# Anyone use white gravel?



## Kyguylal (Jan 21, 2012)

I'm colorblind. I can't tell shades apart from one another very well, especially reds and blues, so I figured it was a good idea to get white gravel for my new tank that coming tomorrow. Looking now, was this a bad idea? It's a 6.6 fluval chi. I have a few granite rocks with moss on them that will be going in. 

Will these colors clash horribly?

I got the white so I could see my shrimp. 

Anyone have white gravel that works for them?


----------



## DaveK (Jul 10, 2010)

My experience with white gravel is that it looks great when new, but once it gets some dirt or algae on it, the gravel looks rather grungy. 

Considering everything, perhaps black gravel would be a possible choice?


----------



## zoo minsi (Jan 1, 2006)

never used it personally but ive seen plenty of tanks with white sand or gravel, only issue i could see would be that it might need to be cleaned a bit more often but other then that should work like a charm. goodluck cant wait to see some pics.


----------



## bfensty (Jan 20, 2013)

I myself have stuck to black gravel because the way it contrasts with anything you put in the tank really looks cool. Also the only problem with white gravel I could see would be that like white clothes they need to be cleaned more often than darker ones.


----------



## lochaber (Jan 23, 2012)

I'm not great with colors myself, and tend to favor earth tones, greys and black. 

As to aquariums though, I never really liked the look of a really light/white substrate. I like the black substrates (flourite black, black beauty, etc.), or the brownish/mixed substrates (natural river gravel, flourite, etc.).

I think the white substrates I've seen tend to both show dirt and give the tank a washed-out appearance, whereas I feel the darker substrates tend to make the fish and plants stand out more.

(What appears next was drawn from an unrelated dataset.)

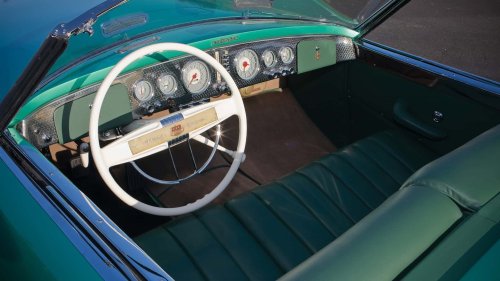 Chrysler, Chrysler Thunderbolt, el buque insignia destruido por la guerra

There are some people who really like the look of white substrates (some of the pool filter sands are pretty whitish/light colored), and I have seen some tanks set up like that that actually look pretty nice.


----------



## Diana (Jan 14, 2010)

I think white or off white sand would be better than white gravel, if you want white. 
The chunky pieces of gravel will give the shrimp more places to get partially out of site, and the dark spots between the rocks will make it harder to see the shrimp. 
Looking for shrimp against sand is almost like looking for them on a sheet of paper: Really easy to find them. 

On the other hand, many fish will wash out their color when the tank is too light. Instinct tells them they are out in the open in the lake or river and can be seen by a predator. By using black or dark substrate the fish color up better, and, IMO the plants stand out better. 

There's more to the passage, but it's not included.